_WHAT NEEDS TO BE DONE_. All of the data should be repeated exactly; pictures are not part of the copy.

_MATERIAL FOR THIS EXERCISE_.
/---
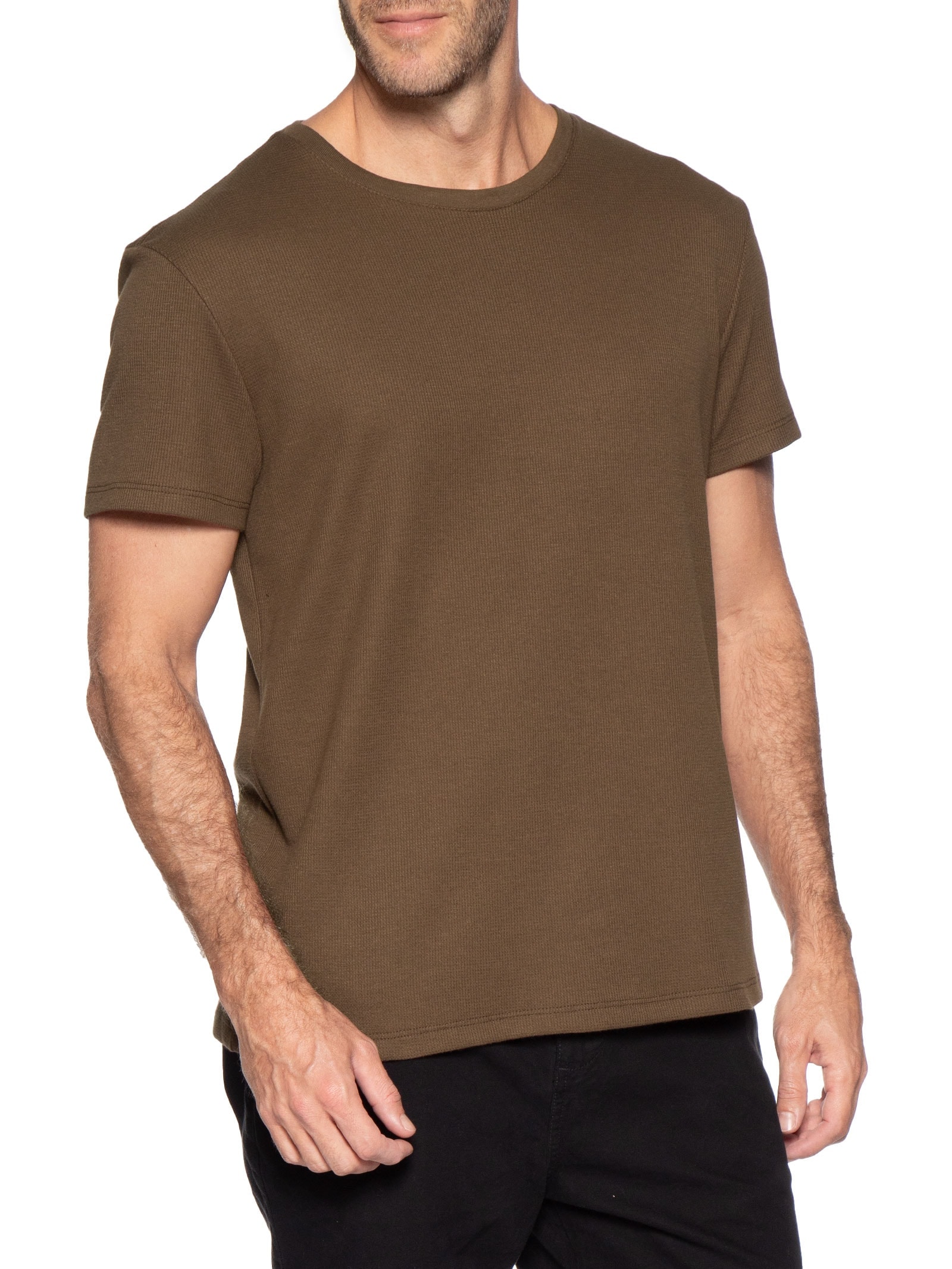 Camiseta Masculina Waffle – Marrom Reserva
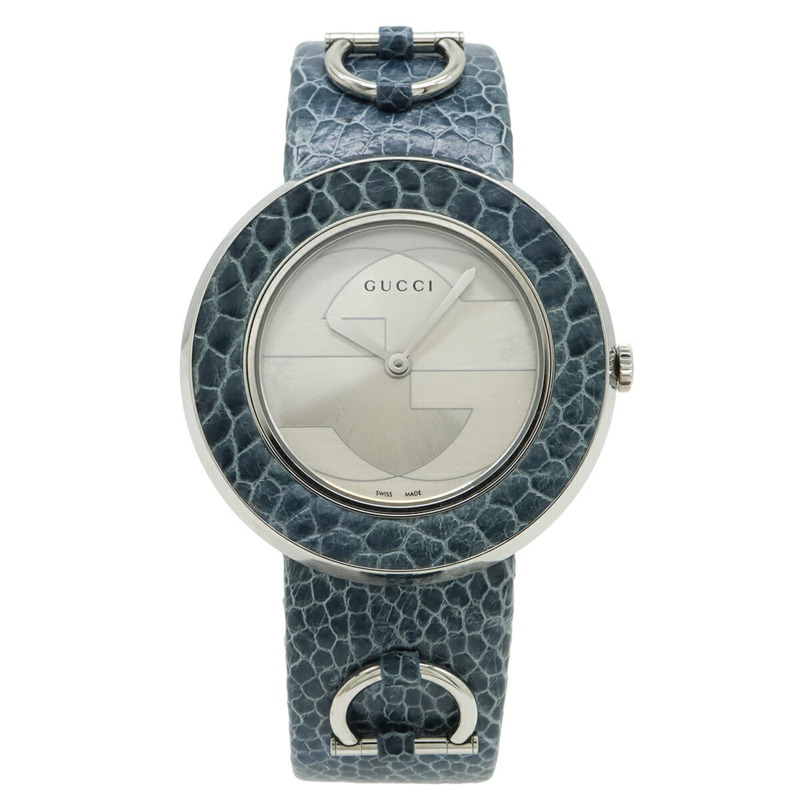 GUCCI U-PLAY 女士石英腕錶,銀色錶盤,不鏽鋼錶殼,皮革錶帶,129.4 YA129418-0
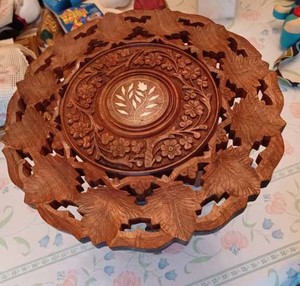 lot 61 image: Ornate Hand Carved Folding Wood Display StandPlant Stand, 11.5-inches Round by 12-inches tall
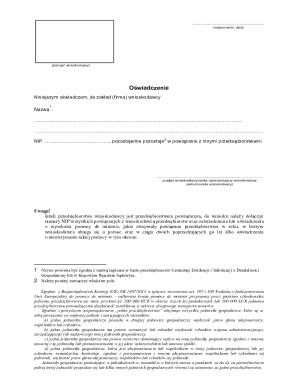 EU De Minimis Aid Declaration Form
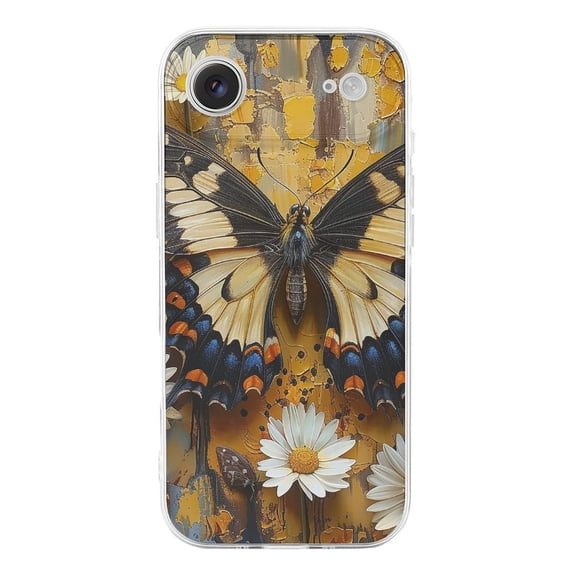 Butterfly Daisy Flower Phone Case Compatible with iPhone 17 Air TPU Transparent Shockproof Cover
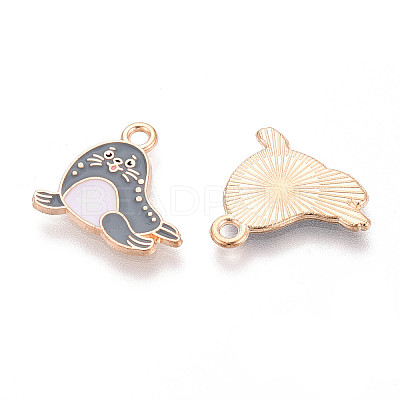 Marine Animals Alloy Enamel Pendants X-ENAM-T022-34J-1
\---
_ANSWER SECTION_.
 Camiseta Masculina Waffle – Marrom Reserva
 GUCCI U-PLAY 女士石英腕錶,銀色錶盤,不鏽鋼錶殼,皮革錶帶,129.4 YA129418-0
 lot 61 image: Ornate Hand Carved Folding Wood Display StandPlant Stand, 11.5-inches Round by 12-inches tall
 EU De Minimis Aid Declaration Form
 Butterfly Daisy Flower Phone Case Compatible with iPhone 17 Air TPU Transparent Shockproof Cover
 Marine Animals Alloy Enamel Pendants X-ENAM-T022-34J-1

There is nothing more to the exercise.